++++ SOURCE RECORDS

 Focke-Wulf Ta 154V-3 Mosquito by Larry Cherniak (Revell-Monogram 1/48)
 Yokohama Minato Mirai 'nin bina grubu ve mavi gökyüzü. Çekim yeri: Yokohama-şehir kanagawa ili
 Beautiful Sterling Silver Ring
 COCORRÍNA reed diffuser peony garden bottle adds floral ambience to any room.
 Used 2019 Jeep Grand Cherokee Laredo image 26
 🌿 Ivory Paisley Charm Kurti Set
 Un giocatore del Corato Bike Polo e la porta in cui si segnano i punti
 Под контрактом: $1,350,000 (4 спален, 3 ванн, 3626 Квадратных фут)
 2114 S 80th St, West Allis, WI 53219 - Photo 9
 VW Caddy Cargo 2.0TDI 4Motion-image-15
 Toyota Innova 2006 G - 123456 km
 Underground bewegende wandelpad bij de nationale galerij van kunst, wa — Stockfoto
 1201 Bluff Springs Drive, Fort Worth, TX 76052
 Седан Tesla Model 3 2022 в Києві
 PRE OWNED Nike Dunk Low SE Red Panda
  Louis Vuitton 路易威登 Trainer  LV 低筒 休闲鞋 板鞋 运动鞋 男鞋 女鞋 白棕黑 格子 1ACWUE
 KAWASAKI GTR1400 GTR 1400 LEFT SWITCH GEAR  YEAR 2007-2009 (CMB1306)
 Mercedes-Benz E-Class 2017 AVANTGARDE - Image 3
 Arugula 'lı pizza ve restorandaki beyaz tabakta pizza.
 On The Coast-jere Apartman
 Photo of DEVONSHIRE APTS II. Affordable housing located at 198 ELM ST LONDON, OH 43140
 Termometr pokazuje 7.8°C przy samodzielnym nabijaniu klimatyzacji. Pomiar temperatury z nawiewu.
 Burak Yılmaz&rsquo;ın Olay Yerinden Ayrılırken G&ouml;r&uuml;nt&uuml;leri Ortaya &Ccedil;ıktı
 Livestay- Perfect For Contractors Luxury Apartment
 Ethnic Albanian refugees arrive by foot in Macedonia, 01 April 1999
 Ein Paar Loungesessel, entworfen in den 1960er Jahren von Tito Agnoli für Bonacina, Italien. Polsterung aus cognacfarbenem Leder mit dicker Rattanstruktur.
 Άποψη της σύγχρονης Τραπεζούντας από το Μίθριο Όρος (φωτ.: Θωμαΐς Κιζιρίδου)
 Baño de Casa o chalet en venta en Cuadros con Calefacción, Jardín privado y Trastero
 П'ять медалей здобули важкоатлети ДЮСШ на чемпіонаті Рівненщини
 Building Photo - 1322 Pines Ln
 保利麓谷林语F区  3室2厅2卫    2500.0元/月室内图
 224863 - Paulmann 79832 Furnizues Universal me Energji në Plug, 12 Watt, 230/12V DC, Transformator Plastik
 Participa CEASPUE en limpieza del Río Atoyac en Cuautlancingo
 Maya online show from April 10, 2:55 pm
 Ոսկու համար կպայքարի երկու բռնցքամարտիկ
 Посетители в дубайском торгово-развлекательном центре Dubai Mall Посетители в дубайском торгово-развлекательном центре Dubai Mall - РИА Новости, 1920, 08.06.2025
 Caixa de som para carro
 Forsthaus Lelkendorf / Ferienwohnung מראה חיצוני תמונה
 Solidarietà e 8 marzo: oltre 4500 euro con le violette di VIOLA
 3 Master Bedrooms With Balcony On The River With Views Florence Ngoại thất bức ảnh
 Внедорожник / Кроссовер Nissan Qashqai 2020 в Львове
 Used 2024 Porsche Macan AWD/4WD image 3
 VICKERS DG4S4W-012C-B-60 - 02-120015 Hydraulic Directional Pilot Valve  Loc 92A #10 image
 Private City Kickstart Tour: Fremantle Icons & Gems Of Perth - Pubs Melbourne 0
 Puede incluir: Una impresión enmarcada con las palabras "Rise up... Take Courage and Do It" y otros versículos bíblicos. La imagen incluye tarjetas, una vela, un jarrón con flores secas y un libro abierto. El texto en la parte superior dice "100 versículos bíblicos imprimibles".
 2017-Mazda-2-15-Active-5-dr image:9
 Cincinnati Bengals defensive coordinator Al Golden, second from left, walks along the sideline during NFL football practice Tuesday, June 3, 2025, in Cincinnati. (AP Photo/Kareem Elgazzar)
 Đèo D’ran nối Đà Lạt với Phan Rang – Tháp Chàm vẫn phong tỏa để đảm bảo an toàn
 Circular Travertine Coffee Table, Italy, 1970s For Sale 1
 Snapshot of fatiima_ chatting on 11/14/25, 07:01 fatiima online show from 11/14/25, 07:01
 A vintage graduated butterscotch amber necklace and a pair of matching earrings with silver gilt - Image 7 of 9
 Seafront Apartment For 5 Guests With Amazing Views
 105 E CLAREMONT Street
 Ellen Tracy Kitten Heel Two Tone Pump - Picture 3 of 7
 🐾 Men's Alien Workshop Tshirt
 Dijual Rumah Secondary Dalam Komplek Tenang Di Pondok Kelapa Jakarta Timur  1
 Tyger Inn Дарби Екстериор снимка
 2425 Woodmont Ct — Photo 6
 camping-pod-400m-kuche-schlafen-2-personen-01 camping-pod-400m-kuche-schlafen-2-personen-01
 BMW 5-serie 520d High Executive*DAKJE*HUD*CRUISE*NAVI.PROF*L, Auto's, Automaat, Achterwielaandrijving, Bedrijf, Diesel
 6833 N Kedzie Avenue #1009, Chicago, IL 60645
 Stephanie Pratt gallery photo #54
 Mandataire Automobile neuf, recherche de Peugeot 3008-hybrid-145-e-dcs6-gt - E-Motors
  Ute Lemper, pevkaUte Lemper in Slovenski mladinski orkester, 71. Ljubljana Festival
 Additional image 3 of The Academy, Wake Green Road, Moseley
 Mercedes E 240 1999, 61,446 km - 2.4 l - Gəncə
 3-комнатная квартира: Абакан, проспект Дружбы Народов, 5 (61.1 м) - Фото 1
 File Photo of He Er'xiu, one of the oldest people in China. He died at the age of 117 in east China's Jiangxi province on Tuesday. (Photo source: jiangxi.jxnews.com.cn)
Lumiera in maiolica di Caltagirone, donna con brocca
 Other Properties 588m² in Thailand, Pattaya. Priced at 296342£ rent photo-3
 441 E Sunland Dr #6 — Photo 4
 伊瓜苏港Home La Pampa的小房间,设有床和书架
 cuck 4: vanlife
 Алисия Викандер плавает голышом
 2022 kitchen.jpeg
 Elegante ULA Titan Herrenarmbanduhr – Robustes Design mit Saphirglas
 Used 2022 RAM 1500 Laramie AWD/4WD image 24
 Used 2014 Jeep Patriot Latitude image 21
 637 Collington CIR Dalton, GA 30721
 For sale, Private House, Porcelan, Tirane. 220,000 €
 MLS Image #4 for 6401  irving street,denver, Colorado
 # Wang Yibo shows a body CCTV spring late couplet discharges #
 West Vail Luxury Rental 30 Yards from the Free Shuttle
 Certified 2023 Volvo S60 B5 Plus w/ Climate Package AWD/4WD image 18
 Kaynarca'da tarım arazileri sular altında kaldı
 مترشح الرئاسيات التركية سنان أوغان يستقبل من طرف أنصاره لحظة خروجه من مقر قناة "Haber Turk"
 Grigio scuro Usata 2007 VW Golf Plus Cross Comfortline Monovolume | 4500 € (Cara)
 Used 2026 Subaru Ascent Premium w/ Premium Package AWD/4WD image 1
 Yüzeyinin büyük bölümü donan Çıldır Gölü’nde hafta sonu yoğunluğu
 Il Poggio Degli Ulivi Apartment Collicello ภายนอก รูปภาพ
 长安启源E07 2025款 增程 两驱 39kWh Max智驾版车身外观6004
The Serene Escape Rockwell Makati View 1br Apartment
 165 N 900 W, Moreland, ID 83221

++++++++

### ASSIGNMENT:
In the entries above, please find the line with "Puede incluir: Una" and the line with "Đèo D’ran nối", then write out exactly those two lines and every line between them, and nothing more.

### ANSWER TO THIS PROBLEM:
 Puede incluir: Una impresión enmarcada con las palabras "Rise up... Take Courage and Do It" y otros versículos bíblicos. La imagen incluye tarjetas, una vela, un jarrón con flores secas y un libro abierto. El texto en la parte superior dice "100 versículos bíblicos imprimibles".
 2017-Mazda-2-15-Active-5-dr image:9
 Cincinnati Bengals defensive coordinator Al Golden, second from left, walks along the sideline during NFL football practice Tuesday, June 3, 2025, in Cincinnati. (AP Photo/Kareem Elgazzar)
 Đèo D’ran nối Đà Lạt với Phan Rang – Tháp Chàm vẫn phong tỏa để đảm bảo an toàn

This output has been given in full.